Problem requirements: Would you reproduce exactly the lines below from the one holding "WAX Jean LA" through the one holding "3bdrm House in New Town for rent", inclusive, and no others?

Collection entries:
********************

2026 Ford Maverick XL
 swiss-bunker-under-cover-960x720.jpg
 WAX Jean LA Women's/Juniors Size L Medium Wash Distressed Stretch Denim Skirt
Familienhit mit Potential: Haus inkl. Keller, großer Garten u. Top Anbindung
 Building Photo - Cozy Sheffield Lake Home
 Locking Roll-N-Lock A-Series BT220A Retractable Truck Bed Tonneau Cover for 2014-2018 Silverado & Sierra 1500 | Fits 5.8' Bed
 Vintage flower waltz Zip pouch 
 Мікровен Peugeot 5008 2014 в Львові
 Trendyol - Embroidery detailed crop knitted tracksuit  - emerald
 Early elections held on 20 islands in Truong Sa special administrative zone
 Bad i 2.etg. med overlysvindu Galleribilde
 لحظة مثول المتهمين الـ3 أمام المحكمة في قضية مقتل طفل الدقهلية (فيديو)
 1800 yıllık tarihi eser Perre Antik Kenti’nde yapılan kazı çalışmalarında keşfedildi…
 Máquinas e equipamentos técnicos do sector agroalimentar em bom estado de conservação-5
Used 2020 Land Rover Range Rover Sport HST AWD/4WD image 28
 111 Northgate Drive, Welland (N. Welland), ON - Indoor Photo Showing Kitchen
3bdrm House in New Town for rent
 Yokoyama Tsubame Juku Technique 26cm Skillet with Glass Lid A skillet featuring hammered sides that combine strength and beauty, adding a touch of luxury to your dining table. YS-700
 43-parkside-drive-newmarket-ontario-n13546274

********************

Output for this task:
 WAX Jean LA Women's/Juniors Size L Medium Wash Distressed Stretch Denim Skirt
Familienhit mit Potential: Haus inkl. Keller, großer Garten u. Top Anbindung
 Building Photo - Cozy Sheffield Lake Home
 Locking Roll-N-Lock A-Series BT220A Retractable Truck Bed Tonneau Cover for 2014-2018 Silverado & Sierra 1500 | Fits 5.8' Bed
 Vintage flower waltz Zip pouch 
 Мікровен Peugeot 5008 2014 в Львові
 Trendyol - Embroidery detailed crop knitted tracksuit  - emerald
 Early elections held on 20 islands in Truong Sa special administrative zone
 Bad i 2.etg. med overlysvindu Galleribilde
 لحظة مثول المتهمين الـ3 أمام المحكمة في قضية مقتل طفل الدقهلية (فيديو)
 1800 yıllık tarihi eser Perre Antik Kenti’nde yapılan kazı çalışmalarında keşfedildi…
 Máquinas e equipamentos técnicos do sector agroalimentar em bom estado de conservação-5
Used 2020 Land Rover Range Rover Sport HST AWD/4WD image 28
 111 Northgate Drive, Welland (N. Welland), ON - Indoor Photo Showing Kitchen
3bdrm House in New Town for rent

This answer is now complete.